„Gewürze, die allerfeinsten Gewürze …“
„… kauft, Leute und Lebewesen, kauft den kecksten und kurvigsten Kandis …“
„... frische, fliegende Fische, noch lange vor dem Mindestflugbarkeitsdatum, …“
„… Eure Geschichte braucht ein neues Ende? Nur heute: Happy Endings im Sonderangebot, zwei zum Preis von einem …“
„Flaschen … kommt und feilscht Flaschen. Wir haben rote Flaschen, gelbe Flaschen, weiße Flaschen, schwarze Flaschen. Flaschen mit und ohne Geist …“
Das Marktgeschrei ging mir jedesmal aufs Neue auf den Keks. Man wurde von allen Seiten angebrüllt und vergaß dadurch, was man eigentlich einkaufen wollte. Auch aus diesem Grund hatte ich mir schon vor langer Zeit angewöhnt, ein Einkaufspergament zu schreiben. Wenn man mir schon das Erinnerungsvermögen aus dem Gedächtnis blökte, wollte ich abends wenigstens nicht nur mit aufgeschwatzten Dingen in meine Feendrachenhöhle zurückkehren.
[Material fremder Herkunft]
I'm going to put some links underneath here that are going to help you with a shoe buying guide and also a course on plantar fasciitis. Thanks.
„Oh schau mal, Knuspermüsli“, freute sich Kai.
„Was? Wo?“ Verdutzt sah ich mich um.
„Na hier, wie lecker“, sagte Kai und deutete auf die körbeweise aufgetürmte Auswahl an kernigen Nüssen, flockigem Getreide und getrockneten Früchten. „An was hast du denn gedacht?“
„An den fahrenden Zauberer, du weißt schon, der von dem ich die defekte Palland-Tier-Kugel habe. Sein Name ist Knuspermüsli und er taucht mal hier, mal dort auf. Er kann sehr, sehr … sehr anstrengend sein“, erklärte ich erleichtert. Da es sich um einen falschen Alarm gehandelt hatte, entspannte ich mich wieder. Ich überreichte dem Müslistandbesitzer ein Goldstück und deutete auf die Aprikosen.
Kai sah mich an und kniff die Augen leicht zusammen.
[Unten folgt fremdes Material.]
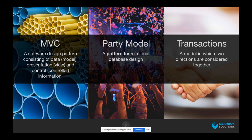First, MVC. Anyone familiar with model-view-controller? MVC is a software design pattern consisting of data, presentation, and a controller to control information. It's very common in other languages and platforms. The party model is a particular type of data model we implemented in this solution. And then transactions — probably the thing most FileMaker developers are familiar with — how you store records.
„Der Zauberer heißt Knuspermüsli?“
„Ja“, antwortete ich wahrheitsgemäß.
„Knusper-Müsli“, wiederholte sie betont.
„Knuspermüsli“, bestätigte ich in aller Ruhe.
„Das ist ein alberner Name“, sagte Kai trocken.
„Es ist ja auch ein alberner Zauberer“, gab ich trockener zurück, verstaute die getrockneten Aprikosen im Einkaufsnetz und wechselte die staubig trockne Standseite.
„Pantoffeln, große und kleine, mit Quasten und Quasseln, … Treter, Latschen, Gamaschen“, quäkte ein Kaufmann in meine Richtung, als er sah, dass ich auf ihn zusteuerte.
„Für mich bitte vier Paar Pantoffeln. Zweimal Minigröße, einmal Maxi und noch eins Extraordinär“, zählte ich auf.
„Pantoffeln?“ Kai tauchte verwundert neben mir auf. „Wozu brauchst du denn Schuhe?“
„Dir wird nicht entgangen sein, dass ich ein sehr reinlicher Feendrache bin“, erklärte ich gewichtig, während ich dem Händler ein Goldstück überreichte. „Und seit einiger Zeit bekomme ich viel mehr Besuch als früher, vor allem von einem gewissen Menschenmädchen. Die Anschaffung von Gästepantoffeln macht sich sicher bezahlt, sodass ich nicht mehr soviel fegen und wischen muss, wenn mein Besuch wieder gegangen ist.“
Ich nahm den Porree und die rülpsende Fliegenpilzgans als Wechselware entgegen und stopfte beides zusammen mit den Schuhen in das Einkaufsnetz. Zwar mache ich mir nichts aus Fliegenpilzgans, aber sie wird auf dem Supermärchenmarkt gern als allgemeingültige Tauschware gesehen.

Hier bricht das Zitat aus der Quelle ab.